ID: 2287795 • Letter: H

Question

Here is a question I am curious about.

Is the wave function objective or subjective, or is such a question meaningless?

Conventionally, subjectivity is as follows: if a quantity is subjective then it is possible for two different people to legitimately give it different values. For example, in Bayesian probability theory, probabilities are considered subjective, because two agents with access to different data will have different posteriors.

So suppose two scientists, A and B, have access to different information about the same quantum system.
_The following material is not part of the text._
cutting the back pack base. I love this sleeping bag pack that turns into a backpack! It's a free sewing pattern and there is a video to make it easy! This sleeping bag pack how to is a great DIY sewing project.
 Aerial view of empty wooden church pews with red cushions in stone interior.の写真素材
If A believes it has one wavefunction and B believes it has another, is one of them necessarily "right" and the other "wrong"? If so then the wavefunction is objective, but otherwise it must contain some subjective element.

Explanation / Answer

The wave function is a solution of an equation.

It is as subjective and as objective as all mathematical solutions to equations describing physical fields, whether classical or quantum mechanical.

Certainly as a solution it is objective, a formula written on paper.

Subjectivity enters in the choice of the equation to be solved and thus the choice of the specific solution.

Objectivity enters again because the particular equation was chosen due to its being appropriate to the problem, having fitted previous experimental observations.

I consider all this as navel gazing.

Are the solutions of Maxwell's equations objective or subjective? What about the gravitational orbit solutions?